*Problem*
Locate the line containing "Lovely With Free Parking * Sarajevo" in the material below. Copy that line and all following lines through the end exactly, omitting any pictures.

+ + + + + + +

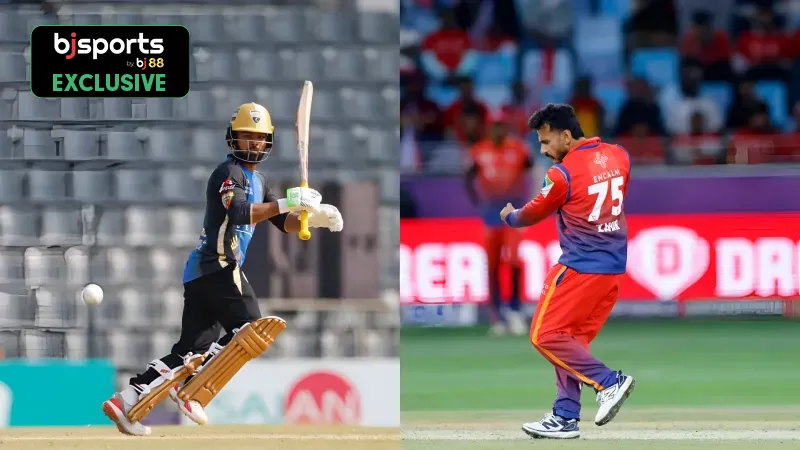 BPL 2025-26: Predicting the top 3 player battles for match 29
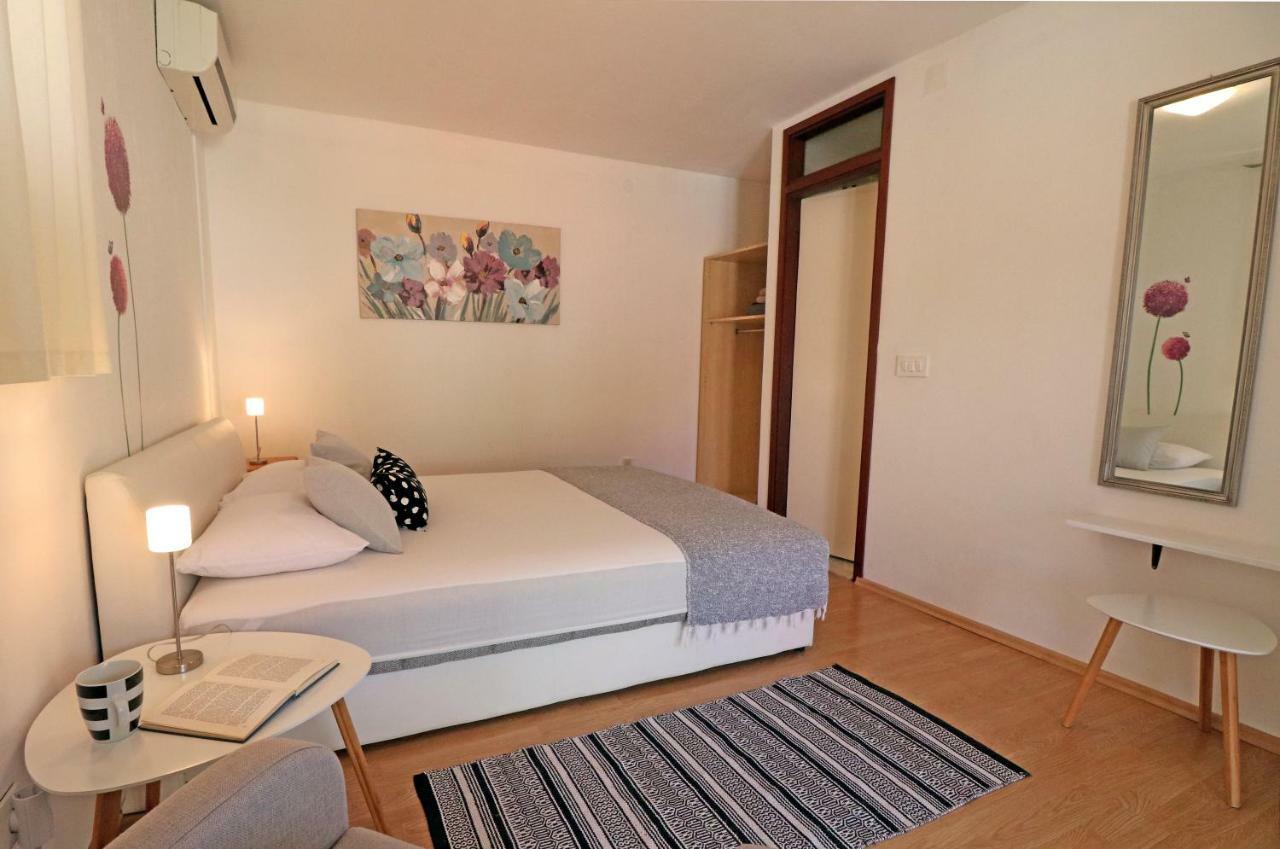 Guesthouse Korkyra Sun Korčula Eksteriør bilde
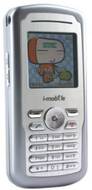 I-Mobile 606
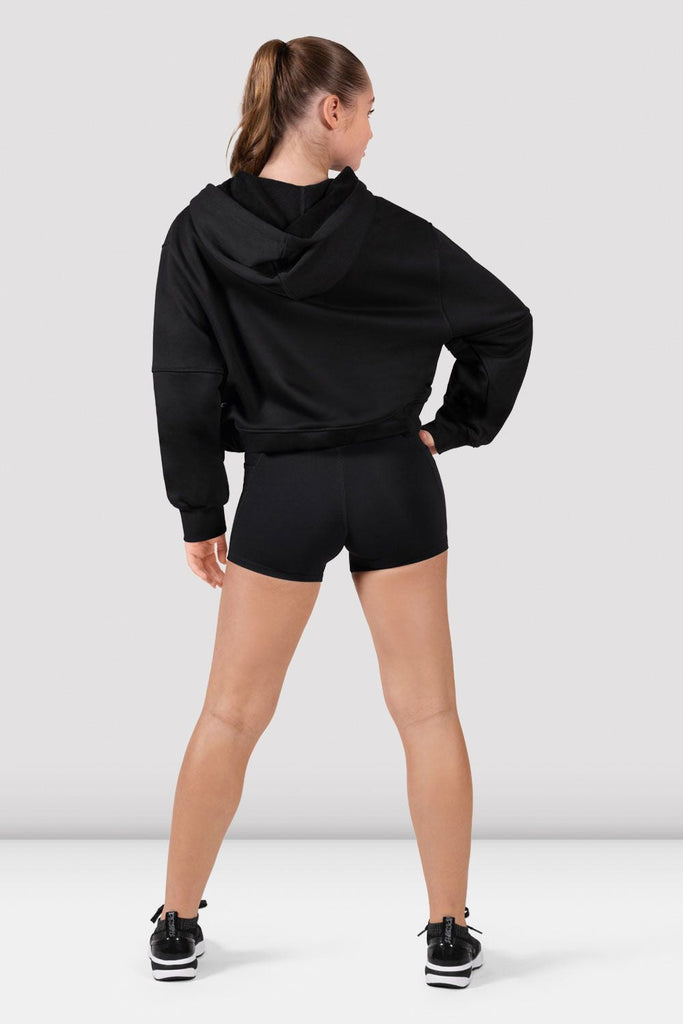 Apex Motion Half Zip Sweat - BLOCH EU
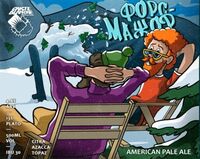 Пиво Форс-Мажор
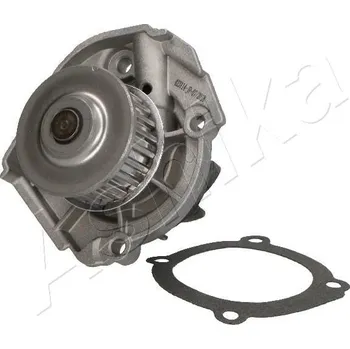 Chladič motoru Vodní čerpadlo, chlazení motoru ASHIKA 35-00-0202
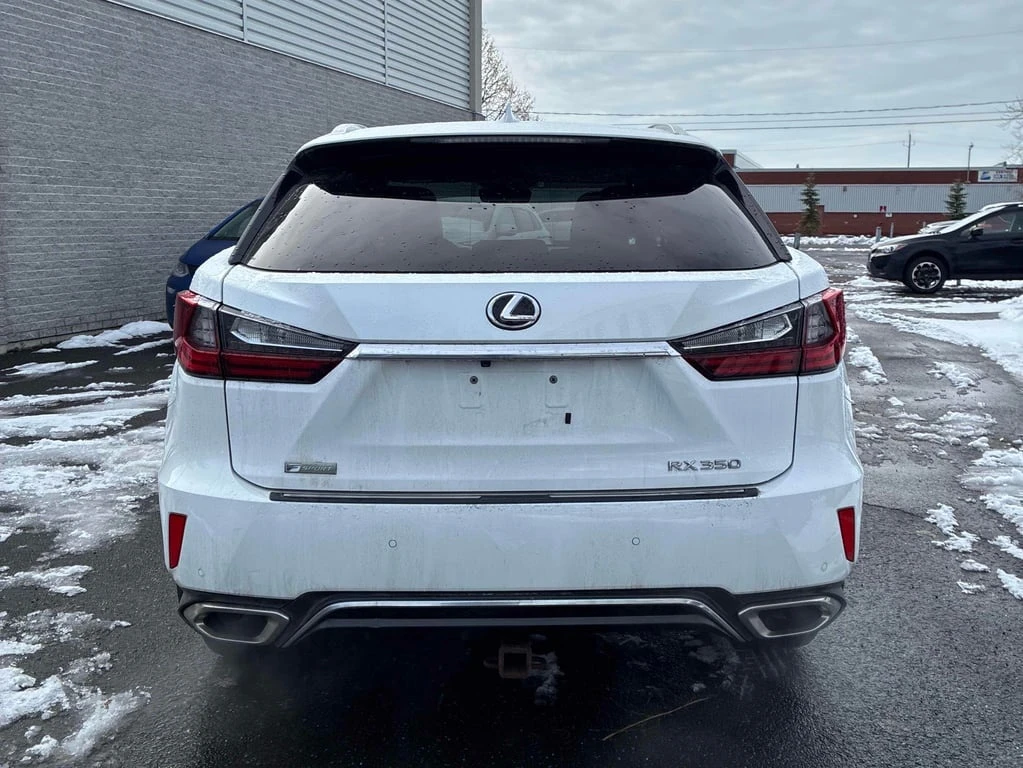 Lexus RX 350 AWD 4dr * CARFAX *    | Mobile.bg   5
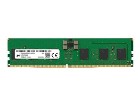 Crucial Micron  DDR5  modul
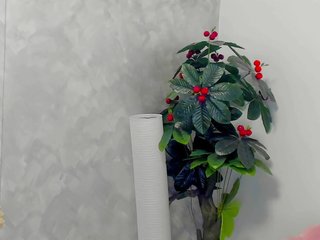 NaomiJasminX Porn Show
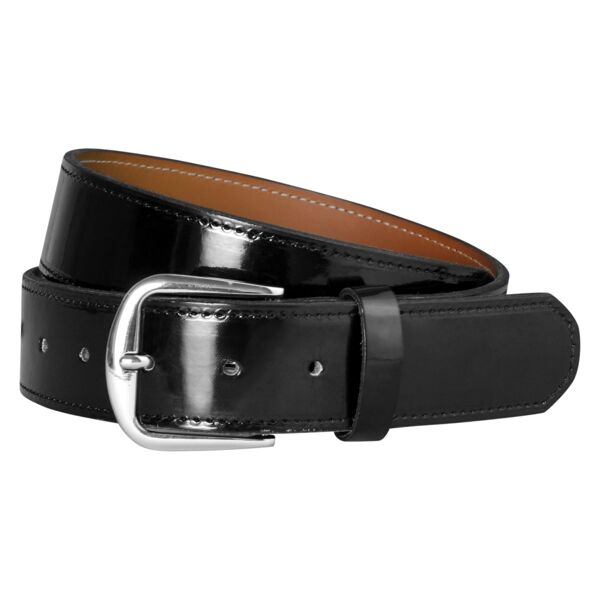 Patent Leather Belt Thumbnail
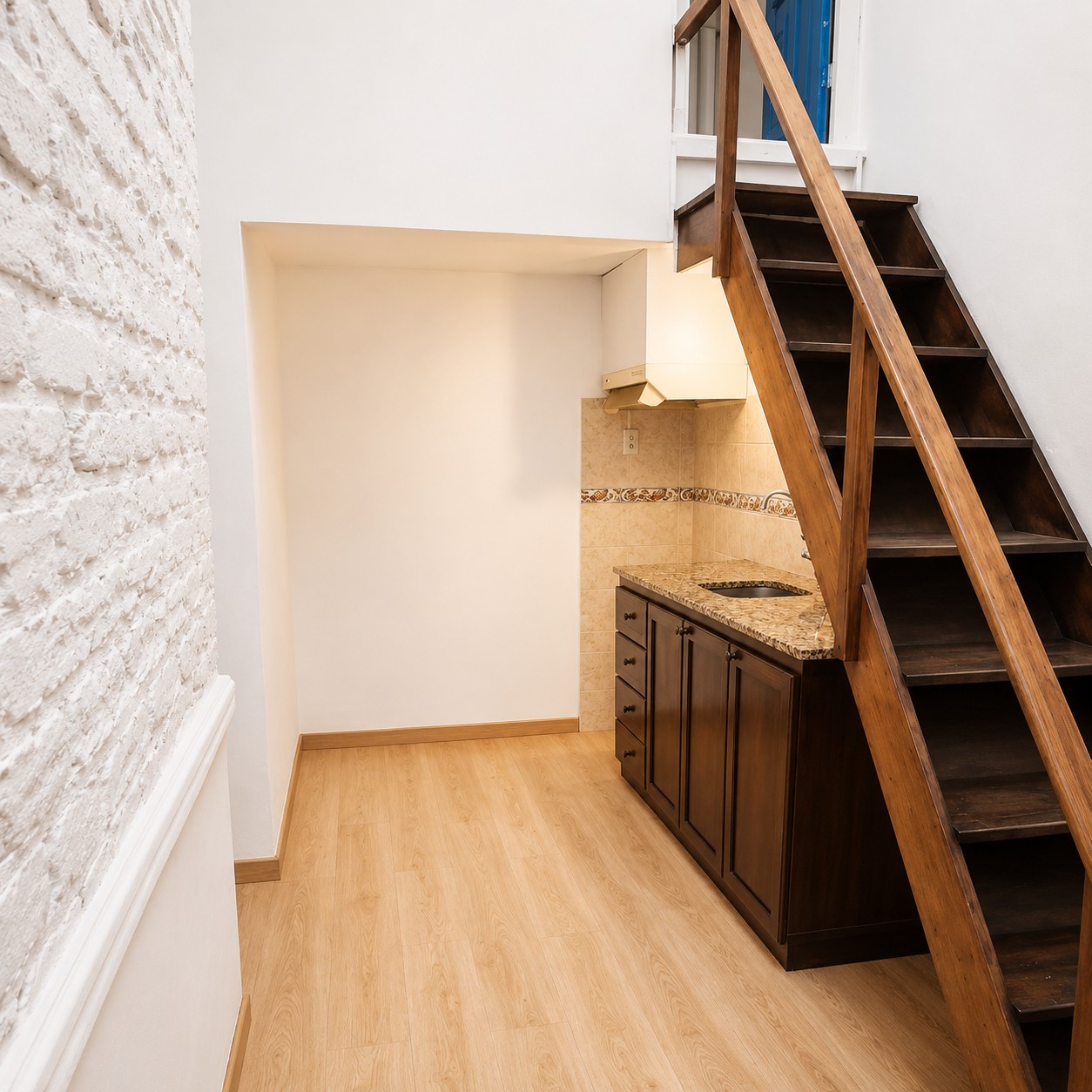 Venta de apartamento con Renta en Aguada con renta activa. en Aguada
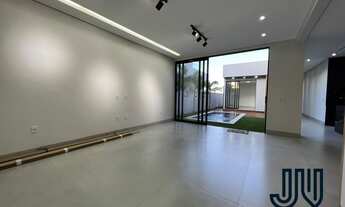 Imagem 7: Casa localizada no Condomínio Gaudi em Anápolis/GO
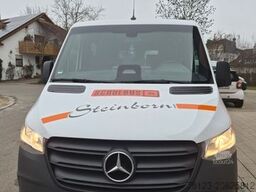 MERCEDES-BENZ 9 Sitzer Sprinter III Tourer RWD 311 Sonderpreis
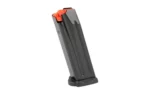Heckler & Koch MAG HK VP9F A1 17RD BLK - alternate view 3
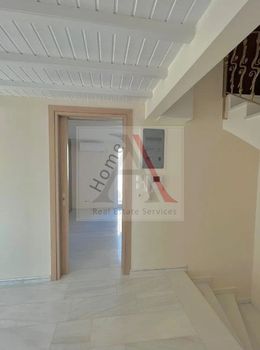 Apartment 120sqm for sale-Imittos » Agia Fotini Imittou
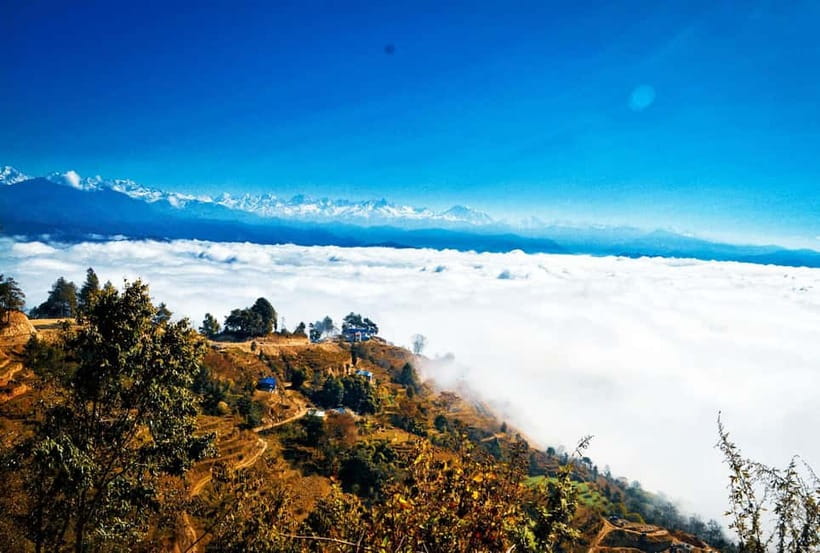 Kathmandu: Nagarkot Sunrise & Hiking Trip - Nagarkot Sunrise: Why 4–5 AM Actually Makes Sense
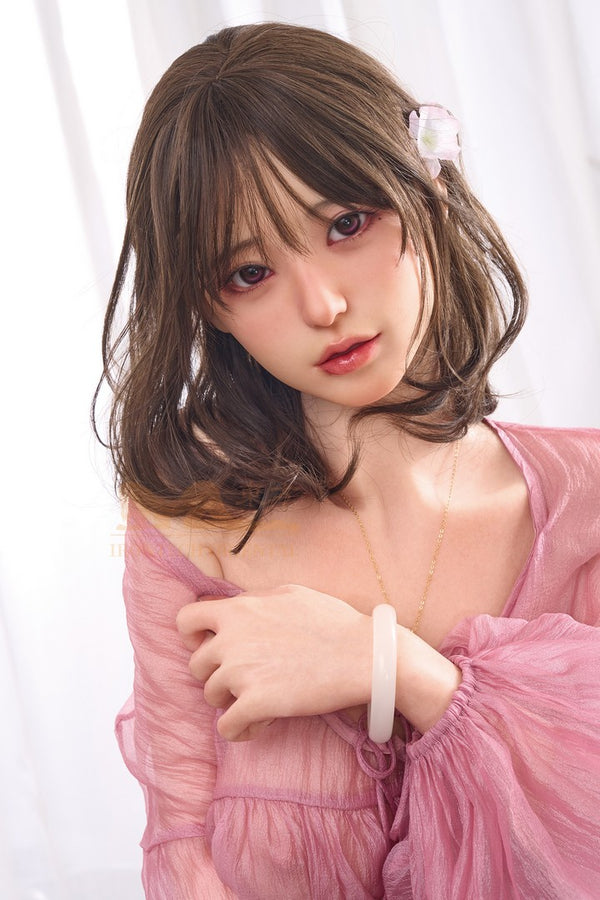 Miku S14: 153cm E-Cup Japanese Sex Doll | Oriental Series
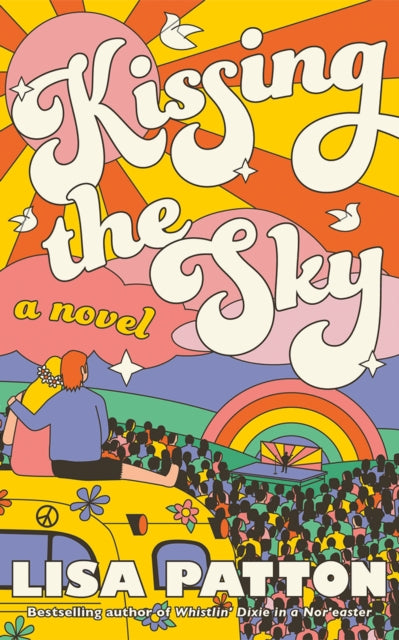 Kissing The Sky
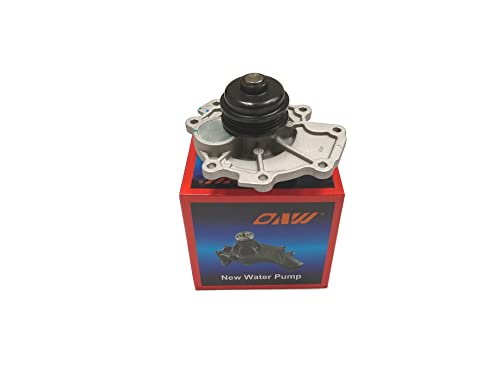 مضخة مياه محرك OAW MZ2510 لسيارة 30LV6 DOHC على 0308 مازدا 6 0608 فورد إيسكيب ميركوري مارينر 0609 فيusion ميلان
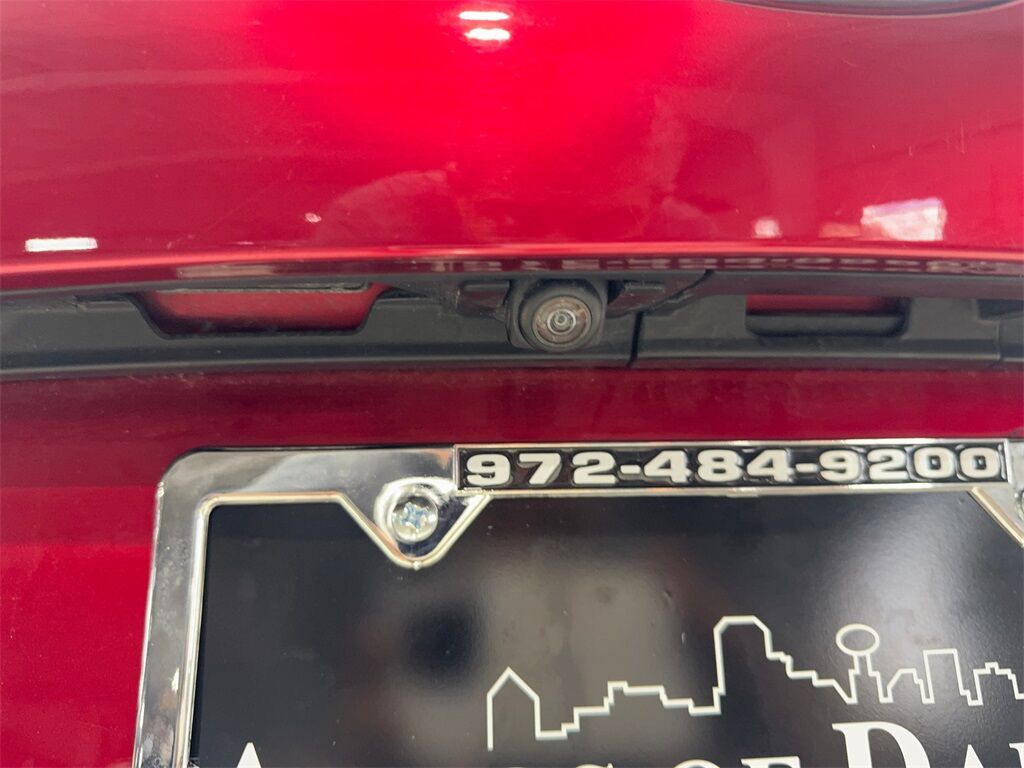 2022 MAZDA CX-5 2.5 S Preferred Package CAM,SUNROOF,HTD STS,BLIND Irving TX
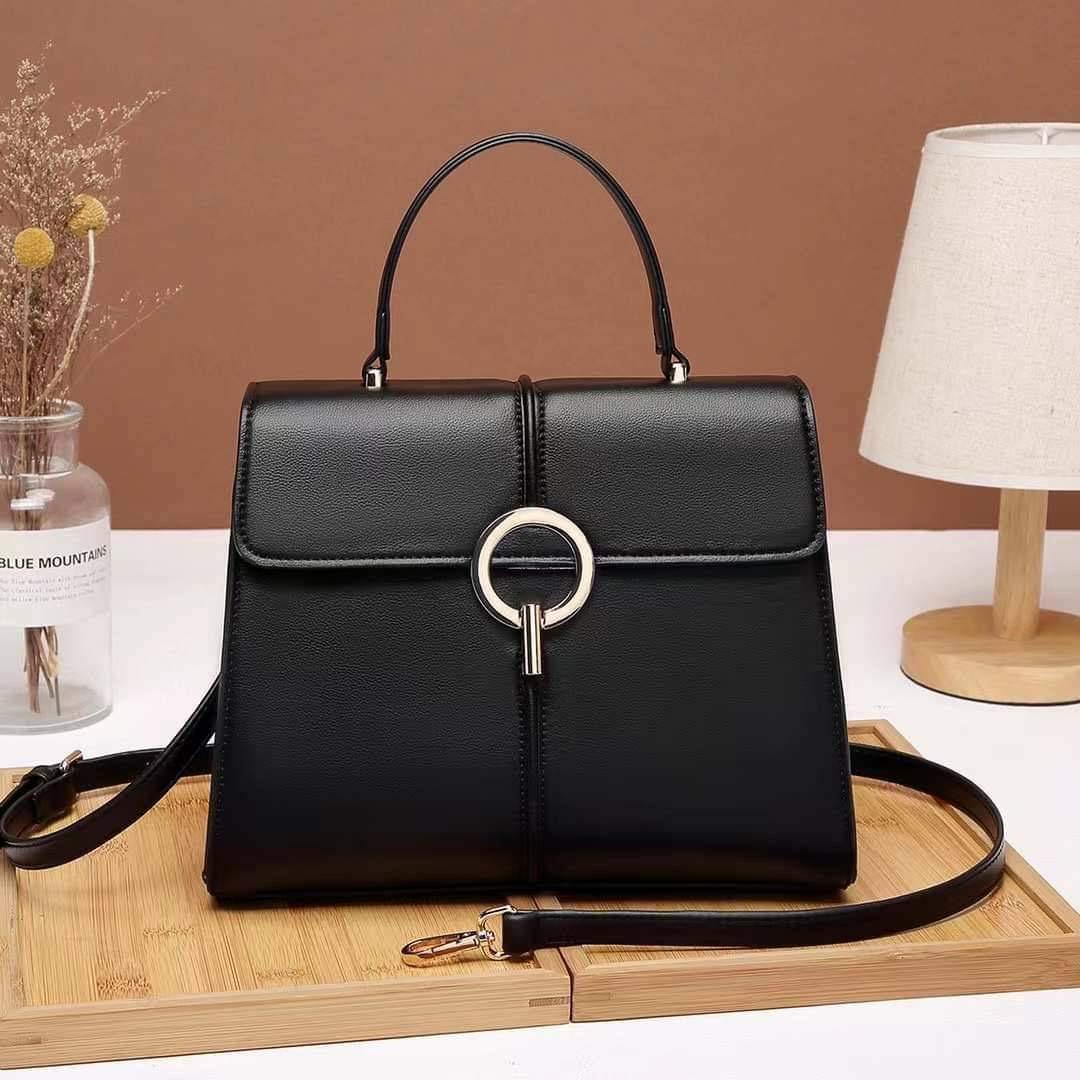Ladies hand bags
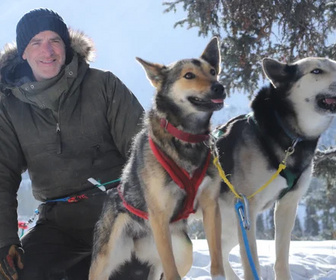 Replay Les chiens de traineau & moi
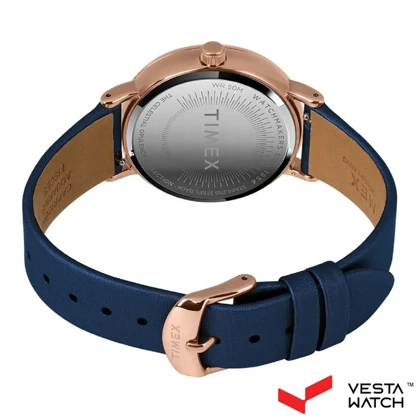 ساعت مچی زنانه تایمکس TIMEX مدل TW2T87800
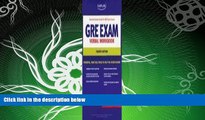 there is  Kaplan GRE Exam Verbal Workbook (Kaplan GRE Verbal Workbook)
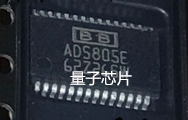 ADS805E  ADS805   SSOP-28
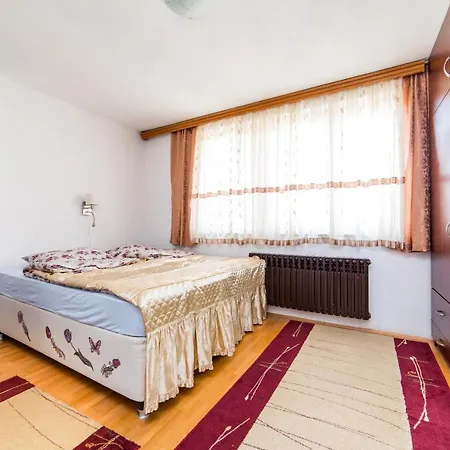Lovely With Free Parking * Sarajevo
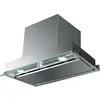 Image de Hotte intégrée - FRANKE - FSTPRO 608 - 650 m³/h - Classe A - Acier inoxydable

+ + + + + + +

*Output below*
Lovely With Free Parking * Sarajevo
 Image de Hotte intégrée - FRANKE - FSTPRO 608 - 650 m³/h - Classe A - Acier inoxydable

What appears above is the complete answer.